Problem details
Write out every entry exactly as it appears.
*** Records for this exercise ***
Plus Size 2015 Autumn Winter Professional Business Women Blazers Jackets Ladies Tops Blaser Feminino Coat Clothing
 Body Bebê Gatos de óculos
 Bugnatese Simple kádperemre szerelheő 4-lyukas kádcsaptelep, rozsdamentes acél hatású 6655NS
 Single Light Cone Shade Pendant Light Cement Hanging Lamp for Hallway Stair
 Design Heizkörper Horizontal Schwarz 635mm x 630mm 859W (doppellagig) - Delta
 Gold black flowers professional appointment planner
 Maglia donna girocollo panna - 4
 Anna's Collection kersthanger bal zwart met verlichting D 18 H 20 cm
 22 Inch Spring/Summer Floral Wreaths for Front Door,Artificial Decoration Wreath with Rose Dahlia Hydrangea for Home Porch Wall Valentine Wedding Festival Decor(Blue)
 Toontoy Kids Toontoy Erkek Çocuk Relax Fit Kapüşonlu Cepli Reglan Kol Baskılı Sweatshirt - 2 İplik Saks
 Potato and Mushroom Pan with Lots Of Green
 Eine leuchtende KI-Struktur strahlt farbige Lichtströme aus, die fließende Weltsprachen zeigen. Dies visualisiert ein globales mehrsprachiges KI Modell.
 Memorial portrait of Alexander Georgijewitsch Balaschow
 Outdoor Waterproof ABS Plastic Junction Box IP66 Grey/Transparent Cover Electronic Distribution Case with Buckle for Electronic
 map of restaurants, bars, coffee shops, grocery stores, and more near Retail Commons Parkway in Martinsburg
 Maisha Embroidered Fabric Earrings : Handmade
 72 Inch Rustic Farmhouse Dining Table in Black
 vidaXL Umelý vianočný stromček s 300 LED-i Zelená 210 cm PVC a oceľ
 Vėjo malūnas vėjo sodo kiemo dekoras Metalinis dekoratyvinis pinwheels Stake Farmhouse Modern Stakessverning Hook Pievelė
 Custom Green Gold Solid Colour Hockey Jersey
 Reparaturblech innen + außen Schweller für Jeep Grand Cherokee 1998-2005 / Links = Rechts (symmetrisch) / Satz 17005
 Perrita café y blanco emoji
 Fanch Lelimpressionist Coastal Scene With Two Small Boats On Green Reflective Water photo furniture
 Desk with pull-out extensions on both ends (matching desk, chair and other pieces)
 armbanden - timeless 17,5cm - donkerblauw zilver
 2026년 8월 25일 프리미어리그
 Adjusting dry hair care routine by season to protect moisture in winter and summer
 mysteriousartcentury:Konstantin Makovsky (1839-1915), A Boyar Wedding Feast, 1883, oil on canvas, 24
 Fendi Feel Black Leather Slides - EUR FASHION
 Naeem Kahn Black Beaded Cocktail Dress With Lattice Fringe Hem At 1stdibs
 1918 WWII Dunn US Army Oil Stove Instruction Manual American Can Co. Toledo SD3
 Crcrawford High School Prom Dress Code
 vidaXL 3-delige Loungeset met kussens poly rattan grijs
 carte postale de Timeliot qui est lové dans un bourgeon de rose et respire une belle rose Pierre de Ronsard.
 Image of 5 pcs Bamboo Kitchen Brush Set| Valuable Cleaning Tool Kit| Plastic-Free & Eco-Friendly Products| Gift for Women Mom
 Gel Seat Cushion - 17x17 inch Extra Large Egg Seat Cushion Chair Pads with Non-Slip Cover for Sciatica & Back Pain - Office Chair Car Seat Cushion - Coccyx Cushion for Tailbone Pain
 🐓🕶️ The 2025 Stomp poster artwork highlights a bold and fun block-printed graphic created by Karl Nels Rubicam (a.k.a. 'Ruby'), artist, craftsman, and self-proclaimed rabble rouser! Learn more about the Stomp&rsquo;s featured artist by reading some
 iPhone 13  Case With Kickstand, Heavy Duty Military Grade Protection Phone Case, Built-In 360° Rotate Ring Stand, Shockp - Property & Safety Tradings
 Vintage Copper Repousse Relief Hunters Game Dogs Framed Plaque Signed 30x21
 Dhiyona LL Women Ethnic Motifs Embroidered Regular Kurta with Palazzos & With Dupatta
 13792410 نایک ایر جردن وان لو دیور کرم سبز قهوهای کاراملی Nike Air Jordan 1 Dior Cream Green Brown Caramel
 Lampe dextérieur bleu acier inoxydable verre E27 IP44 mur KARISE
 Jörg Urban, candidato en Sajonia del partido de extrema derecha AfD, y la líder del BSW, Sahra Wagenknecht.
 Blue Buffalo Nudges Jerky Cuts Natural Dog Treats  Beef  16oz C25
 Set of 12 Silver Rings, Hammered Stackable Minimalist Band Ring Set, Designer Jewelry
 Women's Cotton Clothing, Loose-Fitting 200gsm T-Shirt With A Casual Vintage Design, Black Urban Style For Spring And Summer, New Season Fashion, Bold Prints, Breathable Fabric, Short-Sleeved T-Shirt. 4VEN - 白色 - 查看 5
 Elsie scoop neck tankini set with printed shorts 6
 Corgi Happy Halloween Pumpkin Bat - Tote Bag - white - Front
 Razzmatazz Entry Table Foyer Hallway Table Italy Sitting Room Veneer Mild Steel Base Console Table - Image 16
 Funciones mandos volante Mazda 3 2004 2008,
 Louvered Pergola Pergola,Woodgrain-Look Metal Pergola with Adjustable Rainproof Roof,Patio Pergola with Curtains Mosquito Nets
*** End of Records for this exercise ***
Response to this exercise
Plus Size 2015 Autumn Winter Professional Business Women Blazers Jackets Ladies Tops Blaser Feminino Coat Clothing
 Body Bebê Gatos de óculos
 Bugnatese Simple kádperemre szerelheő 4-lyukas kádcsaptelep, rozsdamentes acél hatású 6655NS
 Single Light Cone Shade Pendant Light Cement Hanging Lamp for Hallway Stair
 Design Heizkörper Horizontal Schwarz 635mm x 630mm 859W (doppellagig) - Delta
 Gold black flowers professional appointment planner
 Maglia donna girocollo panna - 4
 Anna's Collection kersthanger bal zwart met verlichting D 18 H 20 cm
 22 Inch Spring/Summer Floral Wreaths for Front Door,Artificial Decoration Wreath with Rose Dahlia Hydrangea for Home Porch Wall Valentine Wedding Festival Decor(Blue)
 Toontoy Kids Toontoy Erkek Çocuk Relax Fit Kapüşonlu Cepli Reglan Kol Baskılı Sweatshirt - 2 İplik Saks
 Potato and Mushroom Pan with Lots Of Green
 Eine leuchtende KI-Struktur strahlt farbige Lichtströme aus, die fließende Weltsprachen zeigen. Dies visualisiert ein globales mehrsprachiges KI Modell.
 Memorial portrait of Alexander Georgijewitsch Balaschow
 Outdoor Waterproof ABS Plastic Junction Box IP66 Grey/Transparent Cover Electronic Distribution Case with Buckle for Electronic
 map of restaurants, bars, coffee shops, grocery stores, and more near Retail Commons Parkway in Martinsburg
 Maisha Embroidered Fabric Earrings : Handmade
 72 Inch Rustic Farmhouse Dining Table in Black
 vidaXL Umelý vianočný stromček s 300 LED-i Zelená 210 cm PVC a oceľ
 Vėjo malūnas vėjo sodo kiemo dekoras Metalinis dekoratyvinis pinwheels Stake Farmhouse Modern Stakessverning Hook Pievelė
 Custom Green Gold Solid Colour Hockey Jersey
 Reparaturblech innen + außen Schweller für Jeep Grand Cherokee 1998-2005 / Links = Rechts (symmetrisch) / Satz 17005
 Perrita café y blanco emoji
 Fanch Lelimpressionist Coastal Scene With Two Small Boats On Green Reflective Water photo furniture
 Desk with pull-out extensions on both ends (matching desk, chair and other pieces)
 armbanden - timeless 17,5cm - donkerblauw zilver
 2026년 8월 25일 프리미어리그
 Adjusting dry hair care routine by season to protect moisture in winter and summer
 mysteriousartcentury:Konstantin Makovsky (1839-1915), A Boyar Wedding Feast, 1883, oil on canvas, 24
 Fendi Feel Black Leather Slides - EUR FASHION
 Naeem Kahn Black Beaded Cocktail Dress With Lattice Fringe Hem At 1stdibs
 1918 WWII Dunn US Army Oil Stove Instruction Manual American Can Co. Toledo SD3
 Crcrawford High School Prom Dress Code
 vidaXL 3-delige Loungeset met kussens poly rattan grijs
 carte postale de Timeliot qui est lové dans un bourgeon de rose et respire une belle rose Pierre de Ronsard.
 Image of 5 pcs Bamboo Kitchen Brush Set| Valuable Cleaning Tool Kit| Plastic-Free & Eco-Friendly Products| Gift for Women Mom
 Gel Seat Cushion - 17x17 inch Extra Large Egg Seat Cushion Chair Pads with Non-Slip Cover for Sciatica & Back Pain - Office Chair Car Seat Cushion - Coccyx Cushion for Tailbone Pain
 🐓🕶️ The 2025 Stomp poster artwork highlights a bold and fun block-printed graphic created by Karl Nels Rubicam (a.k.a. 'Ruby'), artist, craftsman, and self-proclaimed rabble rouser! Learn more about the Stomp&rsquo;s featured artist by reading some
 iPhone 13  Case With Kickstand, Heavy Duty Military Grade Protection Phone Case, Built-In 360° Rotate Ring Stand, Shockp - Property & Safety Tradings
 Vintage Copper Repousse Relief Hunters Game Dogs Framed Plaque Signed 30x21
 Dhiyona LL Women Ethnic Motifs Embroidered Regular Kurta with Palazzos & With Dupatta
 13792410 نایک ایر جردن وان لو دیور کرم سبز قهوهای کاراملی Nike Air Jordan 1 Dior Cream Green Brown Caramel
 Lampe dextérieur bleu acier inoxydable verre E27 IP44 mur KARISE
 Jörg Urban, candidato en Sajonia del partido de extrema derecha AfD, y la líder del BSW, Sahra Wagenknecht.
 Blue Buffalo Nudges Jerky Cuts Natural Dog Treats  Beef  16oz C25
 Set of 12 Silver Rings, Hammered Stackable Minimalist Band Ring Set, Designer Jewelry
 Women's Cotton Clothing, Loose-Fitting 200gsm T-Shirt With A Casual Vintage Design, Black Urban Style For Spring And Summer, New Season Fashion, Bold Prints, Breathable Fabric, Short-Sleeved T-Shirt. 4VEN - 白色 - 查看 5
 Elsie scoop neck tankini set with printed shorts 6
 Corgi Happy Halloween Pumpkin Bat - Tote Bag - white - Front
 Razzmatazz Entry Table Foyer Hallway Table Italy Sitting Room Veneer Mild Steel Base Console Table - Image 16
 Funciones mandos volante Mazda 3 2004 2008,
 Louvered Pergola Pergola,Woodgrain-Look Metal Pergola with Adjustable Rainproof Roof,Patio Pergola with Curtains Mosquito Nets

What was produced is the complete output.